I will start by setting up the problem then I will ask my question regarding it.
Problem:
Let $E=\{x=\sum_{i=1}^{n+1} x_{i}\epsilon_{i} \in \mathbb{R}^{n+1}|\sum_{i=1}^{n+1}x_{i}=0 \}$, where $\{\epsilon_{1},\dots,\epsilon_{n+1}\}$, is the standard basis of $\mathbb{R}^{n+1}$ with $(\epsilon_{i},\epsilon_{j})= \delta_{i,j}$.
Let $R=\{\epsilon_{i}-\epsilon_{j}| 1\le i \neq j \ge n+1\}$.
Show that $R$ is a root system.
Question:
I understand how a root system works and the concepts surrounding it however I am unsure how to deal with it in this formulation.

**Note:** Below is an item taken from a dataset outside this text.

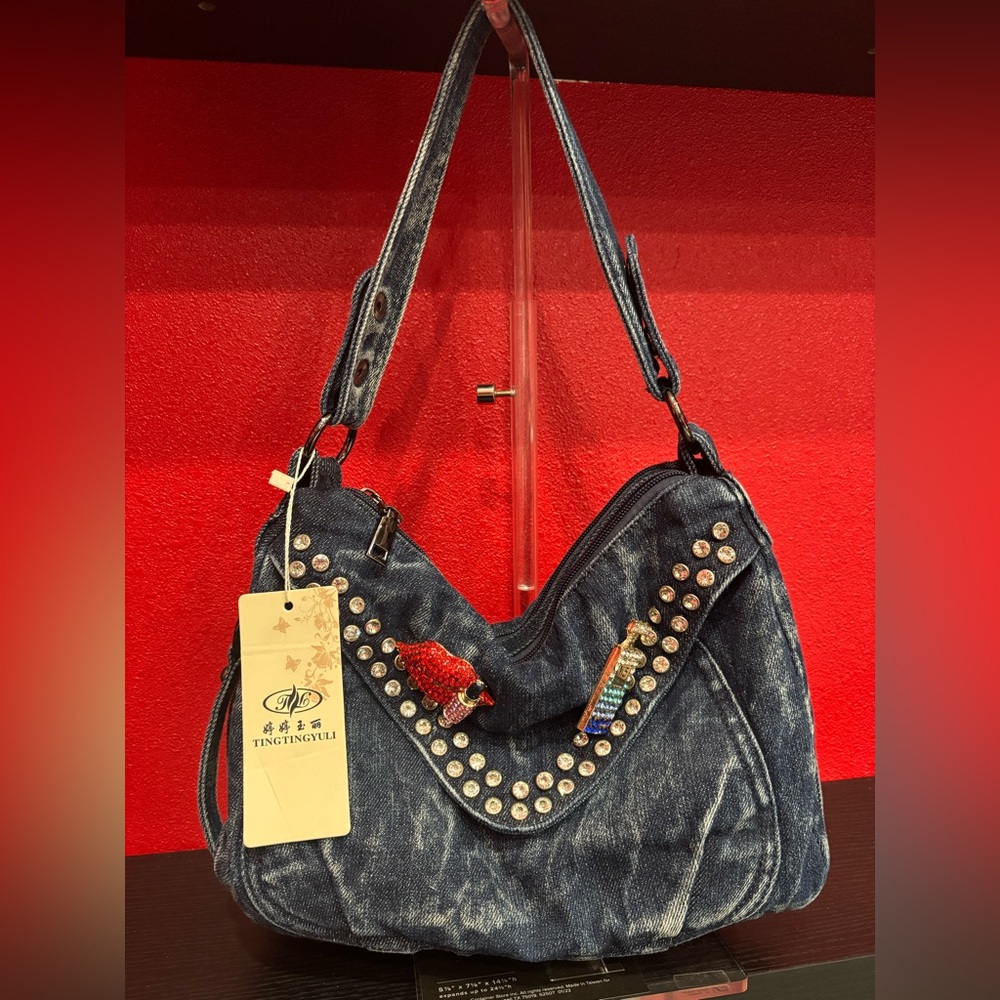Blue Denim Studded Women's Bag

I am given solutions to it however they simply state that it is obvious $\{\epsilon_{1}-\epsilon_{2}, \dots , \epsilon_{n}-\epsilon_{n+1}\}$ is a basis, $0$ is not contained in $R$ and the only multiples of $R$ are its negatives. It then goes on to check the third axiom as follows: Axiom 3
(I couldn't for the life of me format the pictured information in Latex - sorry!).
Then something similar is done for axiom 4.
None of this is obvious to me even if the solution says it is. How do these values fulfil the axioms? What is being done in axiom 3 to discern the values? I know why they fulfil the requirement but not how they got there.
Thanks for your time!
Technically, a set alone cannot be a root system; all standard definitions of a root system contain some extra structure, like an ambient vector space, certain reflections or dual roots or a scalar product etc.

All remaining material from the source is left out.